Tuttavia, come per le cefalee e le emicranie, è stata riconosciuta al bruxismo una chiara
origine psicosomatica legata alla correlazione tra tensione emotiva e digrignamento dei
denti. Il bruxismo svela il suo significato già nella manifestazione sintomatica; chi soffre di
questo disturbo “affronta la vita a denti stretti” perciò tenta di scaricare con il digrignamento
l’aggressività accumulata durante il giorno, che non trova spazio nella vita cosciente. Ciò che
colpisce è che il bruxista decide di scegliere il momento del sonno, ovvero una fase non
pericolosa, per esprimere rabbia e tensioni represse. Questo avviene perché durante il giorno
il soggetto ha paura di esprimersi e l’aggressività viene filtrata da meccanismi di difesa che
proteggono da timori e insicurezze. La rabbia che vorrebbe sfogare all’esterno viene rivolta
verso se stesso attraverso il sintomo.

Chi digrigna i denti la notte spesso cerca di elaborare eventi negativi vissuti oppure rimugina
continuamente. La rabbia viene repressa per il timore di esagerare o per forti sensi di colpa.

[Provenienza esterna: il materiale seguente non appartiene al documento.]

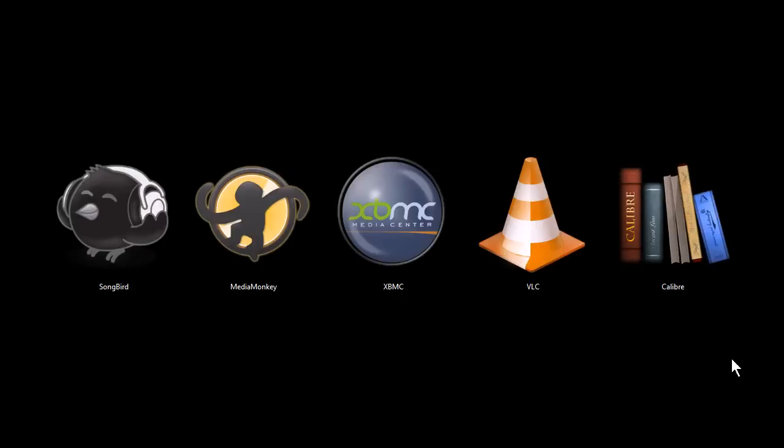This is TJ. In this video, I want to quickly go over five programs that are excellent media collection organizers for your media on your computer.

Nel bruxismo possono coesistere digrignamento e serramento delle mandibole oppure i due
sintomi possono presentarsi separatamente. Quando il soggetto serra la mandibola è spesso
soggetto a situazioni ansiogene o a “prove di forza” alle quali non può cedere. Ciò che il
bruxista teme di più è la condanna sociale alla quale andrebbe incontro se provasse ad
esprimere le contrarietà da tempo trattenute; oppure, in altri casi, il sintomo simboleggia
quelle situazioni nelle quali il soggetto vorrebbe reagire ma non può farlo, ad esempio in
ambito professionale. Solitamente chi soffre di bruxismo riesce a sfogarsi e ad esprimere la
rabbia con persone delle quali si fida e non teme il giudizio. A livello psichico, molti bruxisti
hanno una parziale e molto complessa dipendenza dalle figure genitoriali che tendono a
spostare su altri soggetti relazionali, ad esempio il partner. L’oralità tipica di questo disturbo
è legata al rapporto con i genitori dai quali il soggetto non si è mai sentito amato pienamente.
Da questa dinamica affettiva deriva anche la difficoltà ad esprimere e ad affermare se stessi.